For those of us who can't afford all the medical help, please give us your "Plan B". 







 
Replied By: nevernose on Jan 17, 2013, 2:53PM
I've got nothing against drinking -- it's one of the few God given talents I have -- but Justin needs to learn that alcohol just isn't for him. And Jessica needs to learn that drinking doesn't excuse his behavior. 

Know how many times my wife and I have screamed at each other? Called each other a name? Thrown empty vodka bottles? Called the police? Hit one another? Either drunk or sober? None. Zero. Zip.

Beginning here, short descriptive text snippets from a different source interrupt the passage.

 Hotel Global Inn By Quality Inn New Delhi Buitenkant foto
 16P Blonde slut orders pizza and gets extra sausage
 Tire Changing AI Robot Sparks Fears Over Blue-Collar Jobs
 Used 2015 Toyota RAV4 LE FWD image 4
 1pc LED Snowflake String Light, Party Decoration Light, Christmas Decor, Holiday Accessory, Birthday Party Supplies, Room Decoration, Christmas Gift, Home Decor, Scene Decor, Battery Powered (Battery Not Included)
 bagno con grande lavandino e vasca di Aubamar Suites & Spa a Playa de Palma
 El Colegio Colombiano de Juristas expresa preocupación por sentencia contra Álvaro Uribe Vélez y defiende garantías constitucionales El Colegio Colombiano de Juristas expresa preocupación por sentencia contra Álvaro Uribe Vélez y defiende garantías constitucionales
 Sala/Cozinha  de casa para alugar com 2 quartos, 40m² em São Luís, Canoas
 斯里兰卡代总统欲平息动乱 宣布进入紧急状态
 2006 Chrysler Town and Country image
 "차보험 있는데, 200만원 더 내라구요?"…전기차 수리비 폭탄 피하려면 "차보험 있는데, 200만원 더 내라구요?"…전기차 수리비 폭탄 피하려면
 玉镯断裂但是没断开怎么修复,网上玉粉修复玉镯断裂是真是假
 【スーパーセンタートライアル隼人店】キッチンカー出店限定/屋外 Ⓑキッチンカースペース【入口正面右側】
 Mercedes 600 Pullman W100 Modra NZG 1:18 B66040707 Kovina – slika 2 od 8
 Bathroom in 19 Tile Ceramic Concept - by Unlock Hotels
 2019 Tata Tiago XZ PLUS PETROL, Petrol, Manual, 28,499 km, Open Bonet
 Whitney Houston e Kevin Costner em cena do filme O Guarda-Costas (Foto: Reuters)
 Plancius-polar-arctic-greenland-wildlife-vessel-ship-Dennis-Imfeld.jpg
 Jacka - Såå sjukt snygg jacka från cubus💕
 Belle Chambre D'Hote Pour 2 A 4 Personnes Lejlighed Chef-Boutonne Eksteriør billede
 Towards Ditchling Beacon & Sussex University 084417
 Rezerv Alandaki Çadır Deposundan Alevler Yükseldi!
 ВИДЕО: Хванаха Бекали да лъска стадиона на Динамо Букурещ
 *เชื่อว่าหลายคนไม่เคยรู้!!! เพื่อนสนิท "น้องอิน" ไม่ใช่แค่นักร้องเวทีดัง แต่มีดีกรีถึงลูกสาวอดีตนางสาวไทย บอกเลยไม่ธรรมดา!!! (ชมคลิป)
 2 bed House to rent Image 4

the two of you are obviously not good for each other. Bail out while you still have a chance, and before that kid is screwed up for life. What you're going through? It's not normal, it's not a bump, it's not something to work out. It's something to run like hell from.
 
Replied By: sanjuangal on Jan 17, 2013, 10:06AM
From my perspective what I see is merely "payback" from a entitled generation!  I wasn't a stellar parent, but my kids all had jobs as soon as they were old enough - did their homework before TV - did their own laundry and out at 18 either off to college or on their own.  I REQUIRED more of them early on and they did well and I take NO credit for it.....just did what I thought right.
 
Replied By: doglovermom on Jan 17, 2013, 9:16AM - In reply to doriscody
We have tried so many psychologists and psychiatrists.  The Mental Health system is broken.....we have been trying to get him proper help since he was young.  No-one sees him in crisis for the most part except us.  Unfortunately at his age now he has to ASK for help and that just won't happen.  When we have had to call the police and he has been brought to the hospital it is only a matter of time before they say he is ok to come home.  He is very good at acting like he is perfectly normal.  We don't believe that jail is the answer - we know he needs help.  Mental help.  thank you for your comments.....it is somewhat comforting to know we are not alone out here.
 
Replied By: msmissy70 on Jan 17, 2013, 9:14AM
While I do not know him personally, I had a cousin exactly like this.  He was a great kid, he came from a middle class family. Like Steven, he would have rage incidents so bad he would actually black out.  Like you, we never thought that he would kill his parents.  But, on November 18, 2010 - my cousin took a 9MM glock and killed his parents, his girlfriend and  himself.  The note he left basically said 'all they had to do was give me the car keys.'  To this day, we all Monday-morning quarterback. So this episode touched me deeply.